Digital Literacy for Adults: Who will teach them?

One of the biggest challenges I see as an adult educator who teaches social media is the language of technology. Older adults are not a homogenous group. I am not like every other 53 year old woman who lives in Calgary. For the most part, older adults have been left out of the technology conversation. Many of the adults I teach view technology as: exclusively used by the young, complicated, or as something completely nonsensical.

Nearly 6 million Canadians are over the age of 65, and about 120,000 Calgarians. Where are these people supposed to learn what they need to know?

Digital literacy is an essential skill older adults need to possess to maintain their independence, and participate as equal citizens in society as they age. This includes access to affordable Internet services.Anthony Marx wrote in the New York Times recently that "Access to broadband is necessary to be a productive member of society."
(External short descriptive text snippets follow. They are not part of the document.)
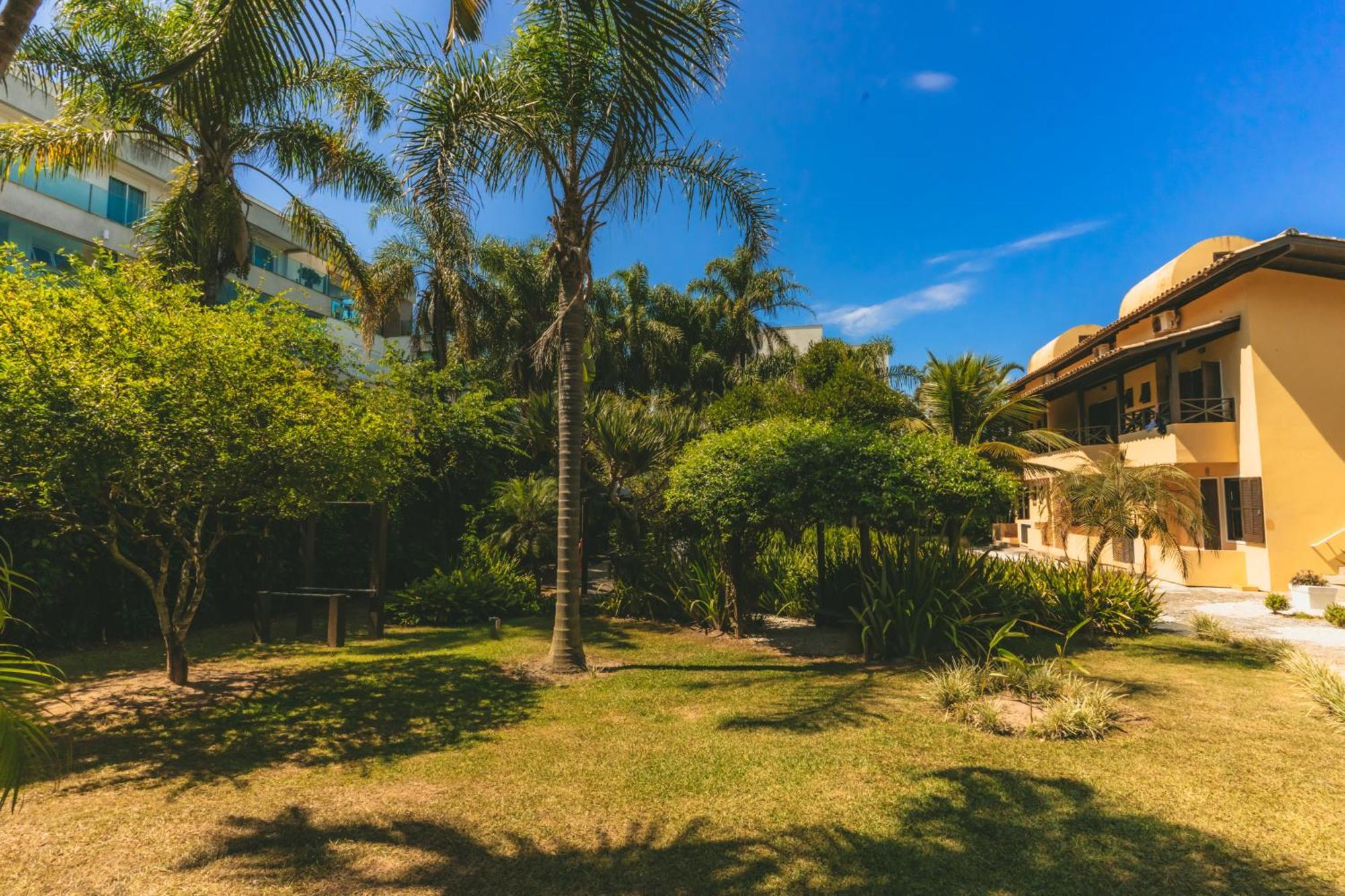 Pousada Vila Tamarindo Eco Lodge Флорианополис Экстерьер фото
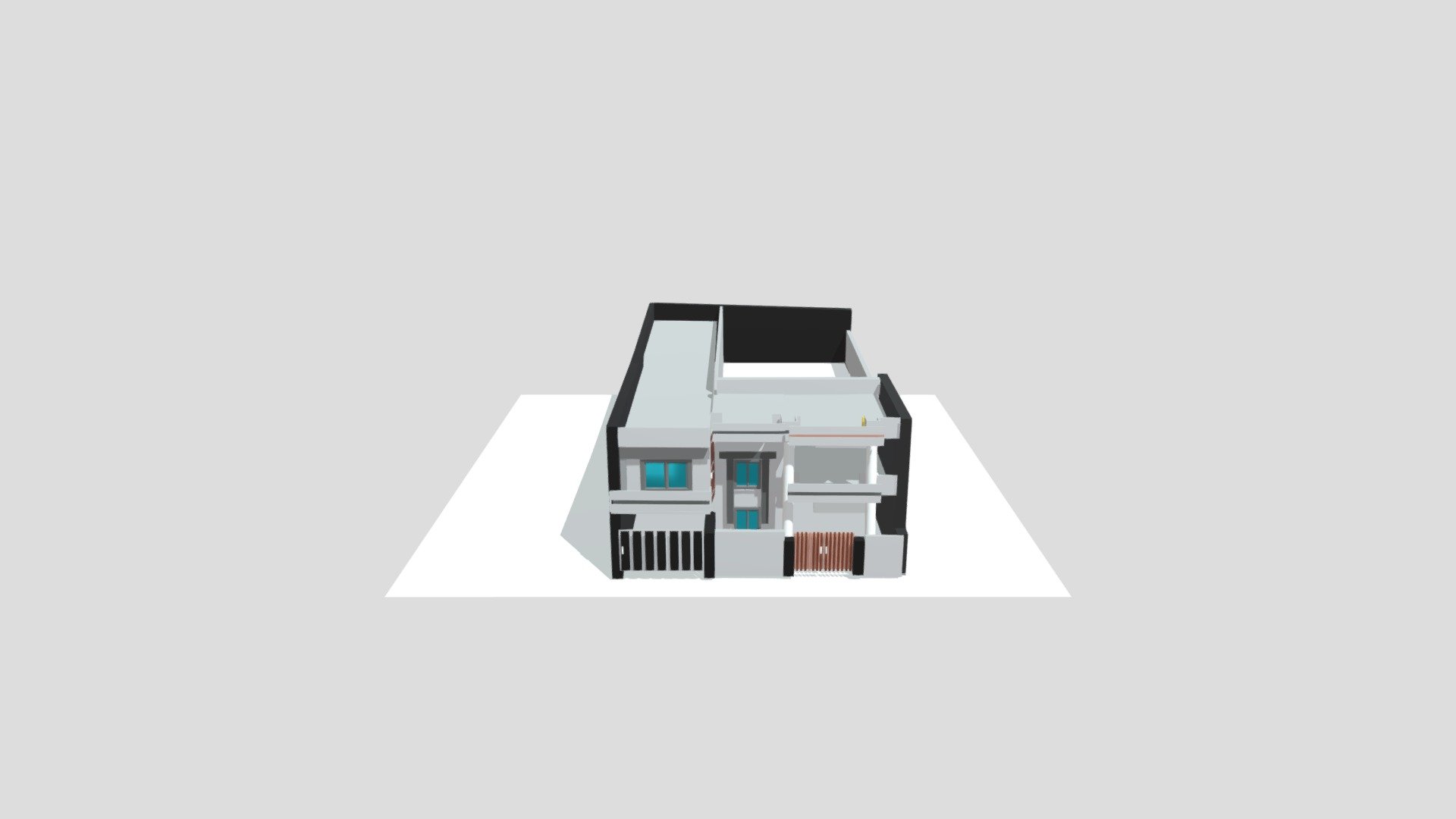 my home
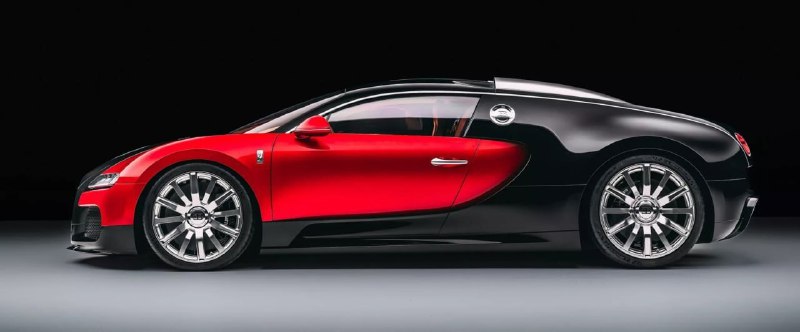 Bugatti вернула Veyron — компания представила уникальную версию легендарного спорткара FKP Hommage. 2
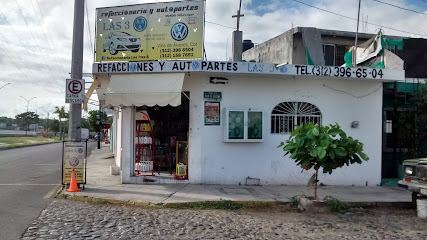 Refacciones y Autopartes Las 3 AAA en Villa de Álvarez
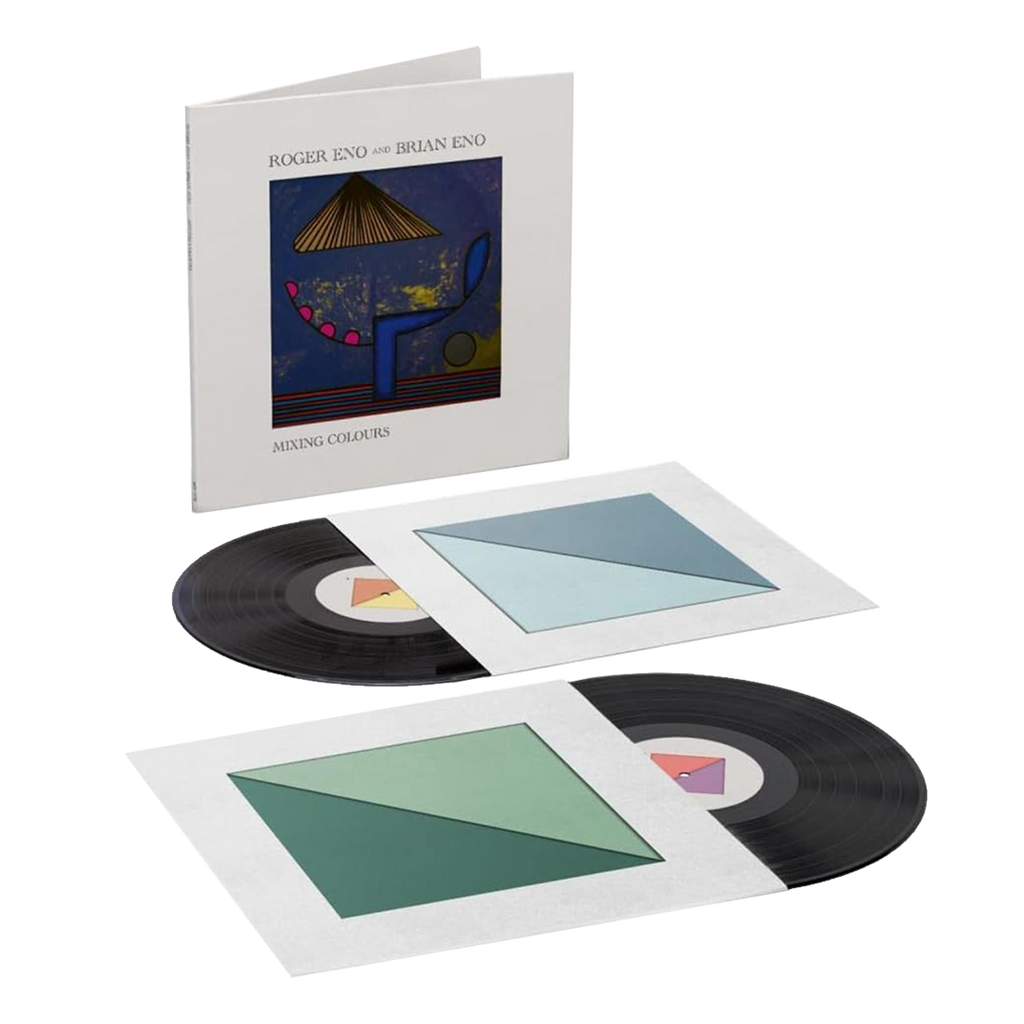 Mixing Colours: Vinyl 2LP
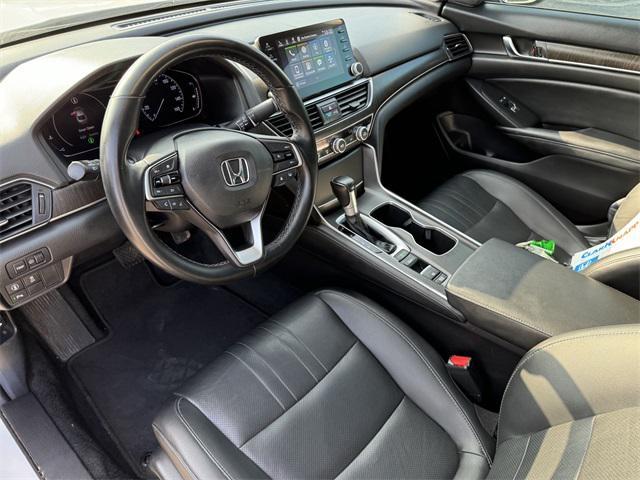 used 2021 Honda Accord car, priced at $23,827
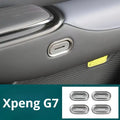XPeng G7 P7 X9 Door Button Sticker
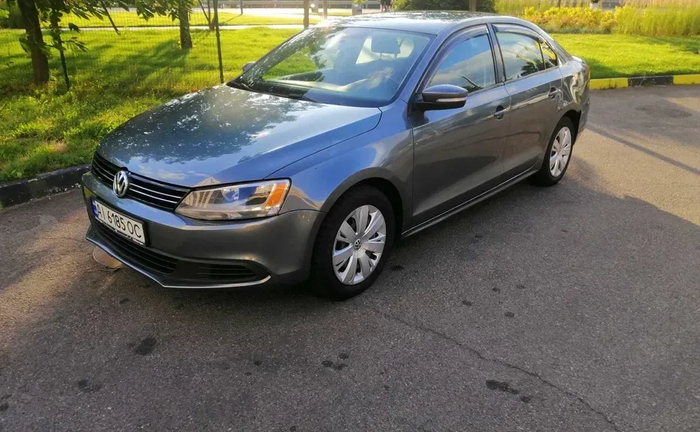 Фольцваген джета 2012 р. 2,5 Газ/Бензин Фольцваген джета 2012 р. 2,5 Газ/Бензин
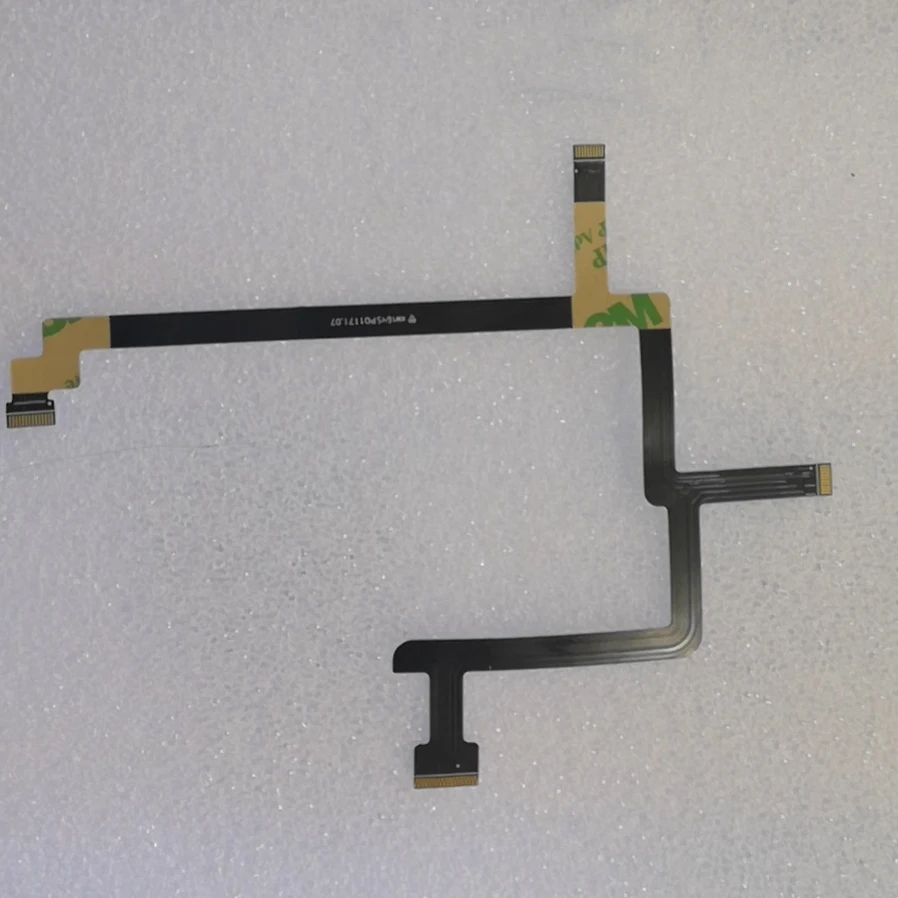 Новый гибкий плоский кабель для DJI Phantom 3S Phantom3SE Phantom3Adv/Pro Gimbal с аксессуарами для дрона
As a society, we value literacy, send our children to school, and do all we can as parents and teachers to help them learn to read, write, and add. But what about digital literacy? It's certainly convenient if the older adults in our lives are digitally literate enough to send a text, or an e-mail, or log onto their Facebook account. However, to suggest that an older adult who has never used a computer will one day become 'a computer geek' is ridiculous and unrealistic.

Have you ever asked a friend to attend a gallery opening? This friend, may have never been to a gallery or understand what an 'opening' is. Imagine how a digitally illiterate older adult feels when a friend recommends a great new website. Or when a son or daughter suggests they 'get on Facebook'? The words make no sense because there is no context.

Older adults deserve access to educators who understand the wealth of experience that age brings to the teaching-learning transaction, not a warm body such as a well-meaning but inexperienced teenage volunteer from the local high school.

Technically, none of us 'learned' the Internet. Folklore has it, the Internet escaped from a US Department of Defence computer. Like a rampaging elephant from a zoo. We have all struggled, to locate privacy settings or understand an error message. Technology is a tool. Is it useful? Many older adults want to know 'why' before 'how.'

Remember when your parents scrimped and saved to buy you 17 volumes of the 1973 World Book Encyclopedia? Well it's your turn to return the favour. Look through a local Continuing Education catalogue. Contact a nearby seniors centre. If they don't have a workshop that suits the older adult in your life, tell them what you are interested in and why. Knowing how to get information from or communicate with a digital device is something that many of us take for granted. Digital Literacy is an essential part of lifelong learning. At any age.